### [Task instructions]
Exclude every picture and return the remaining entries below verbatim.

### [Extracted data]
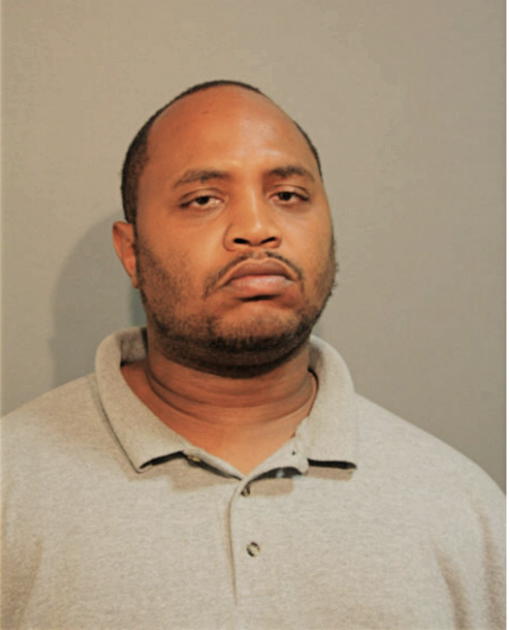 DWAYNE L JONES, Cook County, Illinois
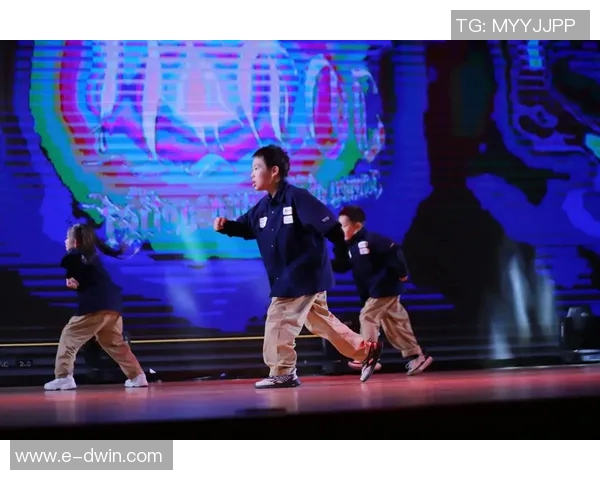 黄敏独家分享街舞心得与技巧助你舞出自信与风格 黄敏独家分享街舞心得与技巧助你舞出自信与风格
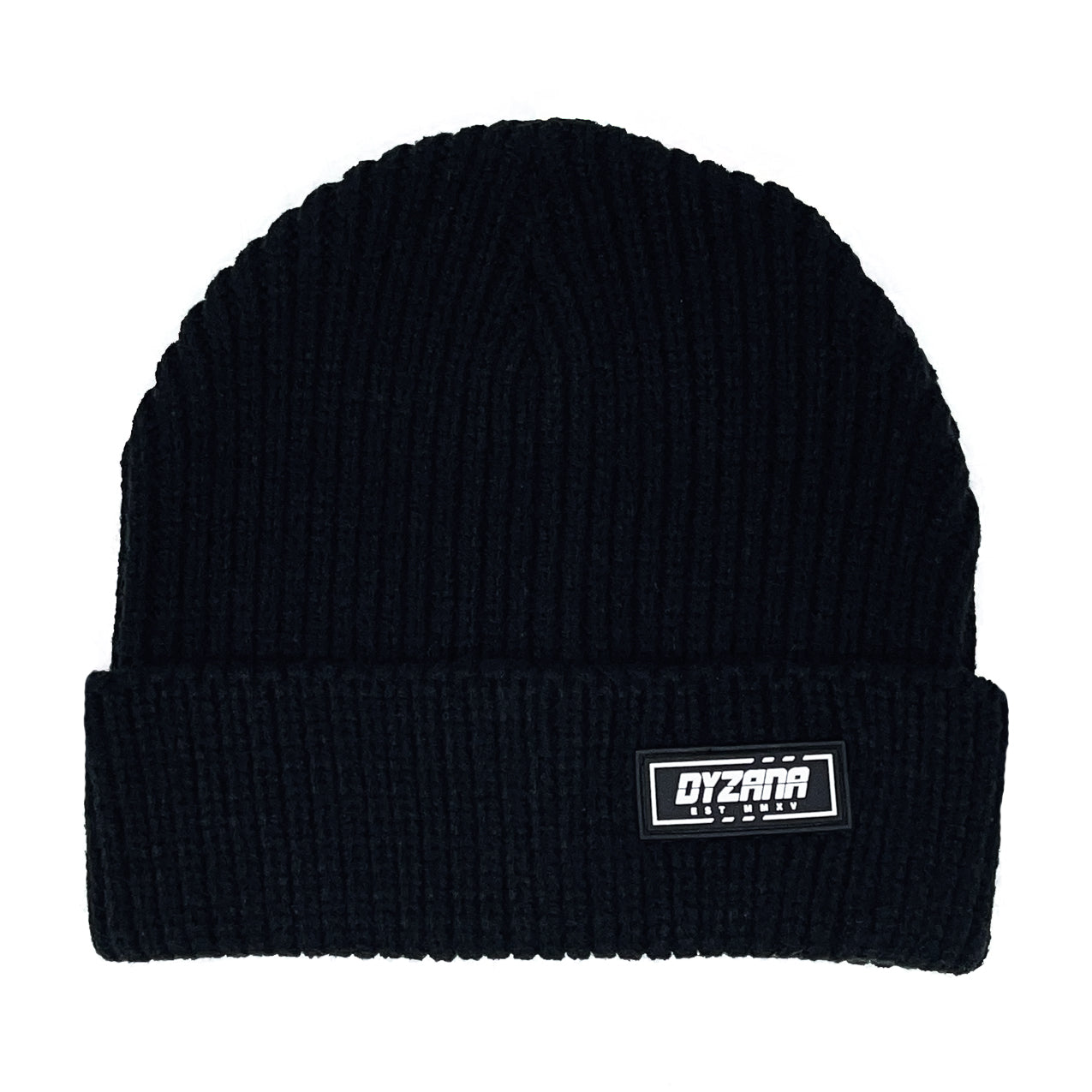 Elements Beanie - Black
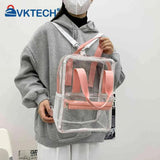 Clear Yoga Gym Bag Waterproof Outdoor Sports Fitness Hand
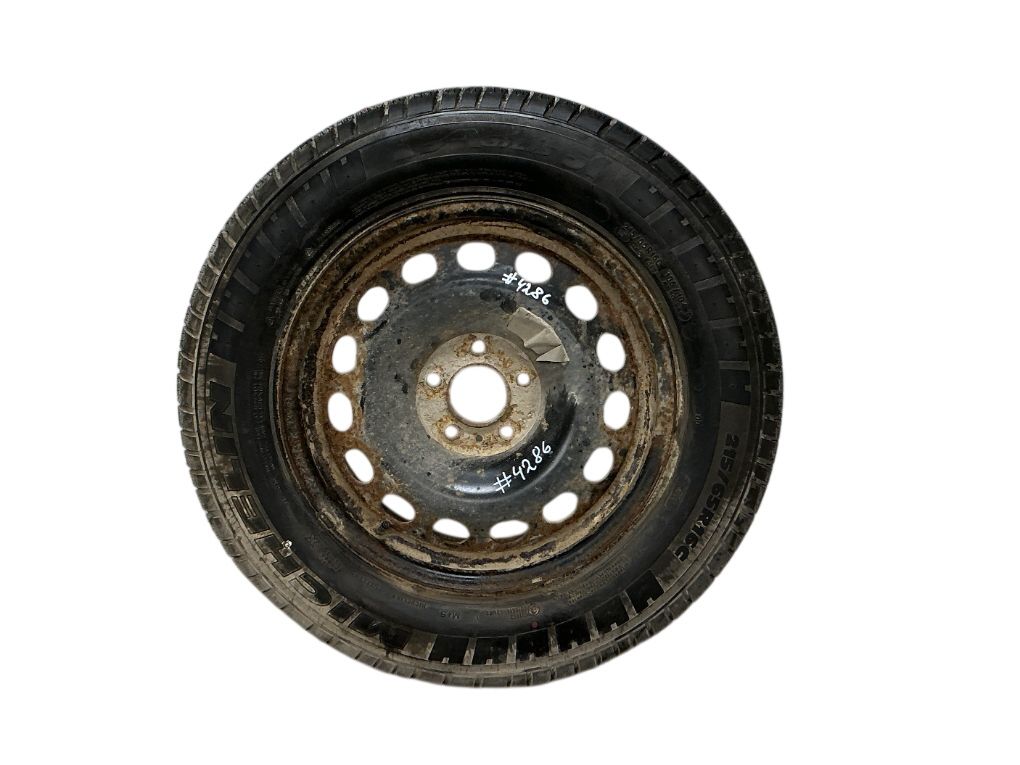 Spare wheel TOYOTA PROACE (MDY, MDZ) (2016-)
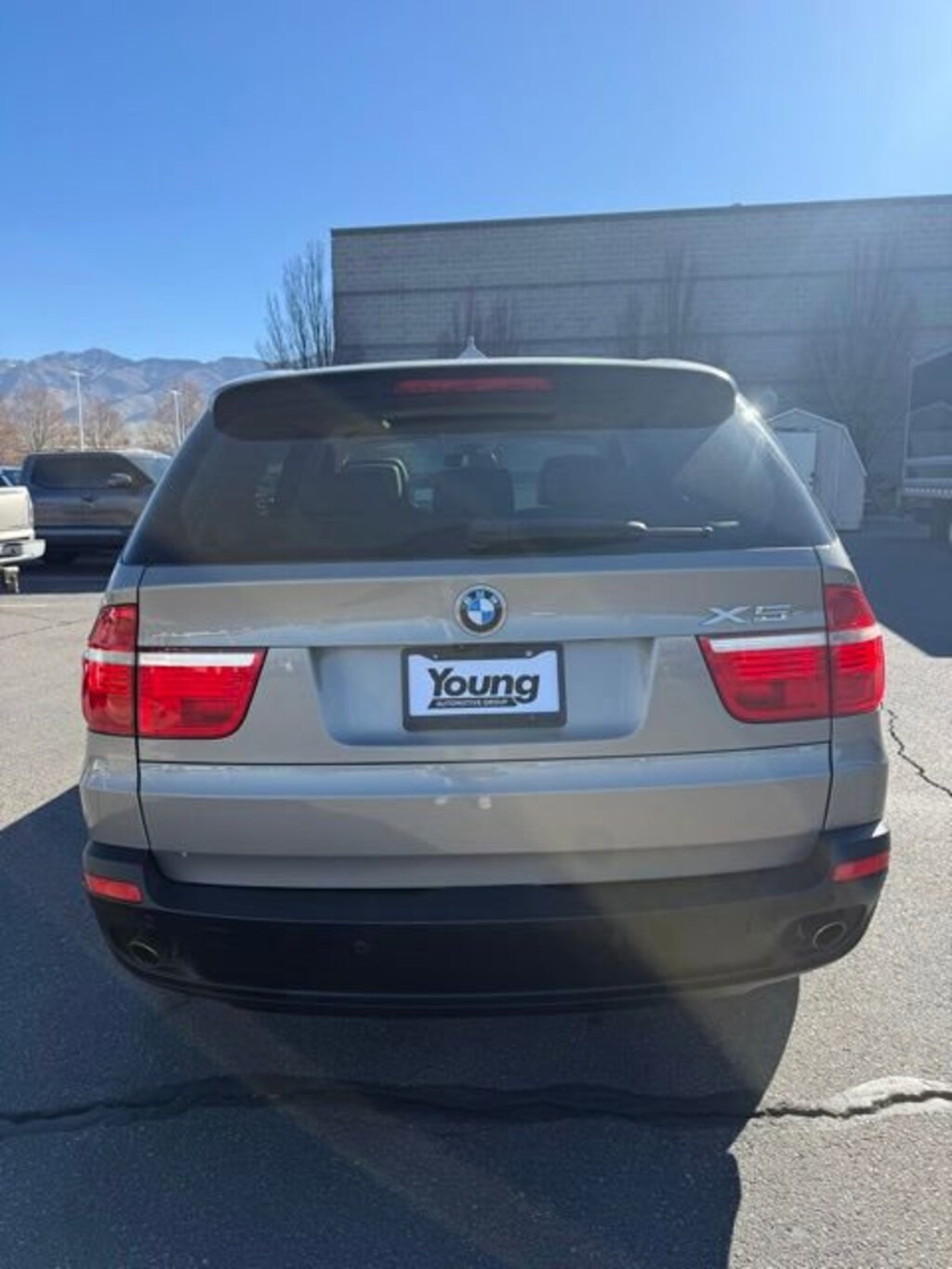 Used 2010 BMW X5 xDrive30i Sport Utility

### [Written solution]
 DWAYNE L JONES, Cook County, Illinois
 黄敏独家分享街舞心得与技巧助你舞出自信与风格 黄敏独家分享街舞心得与技巧助你舞出自信与风格
 Elements Beanie - Black
 Clear Yoga Gym Bag Waterproof Outdoor Sports Fitness Hand
 Spare wheel TOYOTA PROACE (MDY, MDZ) (2016-)
 Used 2010 BMW X5 xDrive30i Sport Utility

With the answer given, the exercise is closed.